Je ne regrette rien de ma jeunesse (Akira Kurosawa, 1946)

Des manifestations étudiantes de 1933 à la défaite de 1945, l’histoire de la fille d’un professeur libéral amoureuse d’un agitateur radical.

Les habitués de ce blog savent que son auteur n’est pas fou d’Akira Kurosawa. La surprise a donc été agréable de découvrir une de ses premières oeuvres, moins célèbre mais également moins pesante, moins caricaturale et plus concrète que nombre de ses classiques. En effet, Je ne regrette rien de ma jeunesse est peut-être le film de Kurosawa où l’histoire et la politique sont montrés avec le plus de justesse, loin de l’abstraction de ses transpositions de Shakespeare dans un passé japonais lointain et à moitié mythifié. En dehors du discours final un peu trop explicite, la propagande libérale y est parfaitement intégrée à un itinéraire amoureux, amical et politique donc singulier, émotionnel et romanesque où les rapports entre « rouges », « libéraux » et gouvernement dictatorial évoluent au fur et à mesure du récit. Le personnage de l’ami qui travaille pour l’état apporte une salvatrice complexité dramatique.

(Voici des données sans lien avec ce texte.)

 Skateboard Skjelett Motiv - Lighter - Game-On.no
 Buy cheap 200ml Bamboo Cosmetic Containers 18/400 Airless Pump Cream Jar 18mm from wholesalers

Visuellement, le film alterne des parlottes un peu mornes mais où pointe parfois une vraie sensibilité (exemple: la scène de groupe où le seul découpage permet de se figurer les sentiments de l’héroïne avant qu’elle ne les déclare) et séquences plus lyriques dans la nature où Kurosawa, visiblement influencé par le cinéma soviétique, se la donne grave. C’est exemplairement le cas de la superbe -mais amère- dernière partie qui montre l’héroïne travailler aux côtés de sa belle-mère à la campagne. Enfin, cet admirable portrait de femme, jouée par Setsuko Hara (future égérie d’Ozu), que l’amour aura conduite à l’émancipation* et à la sagesse, nuance considérablement la réputation misogyne de l’auteur des Sept samouraï.

*Je ne regrette rien de ma jeunesse est un des très rares films de son époque, tous pays confondus, à montrer, sans jugement, un ménage non marié.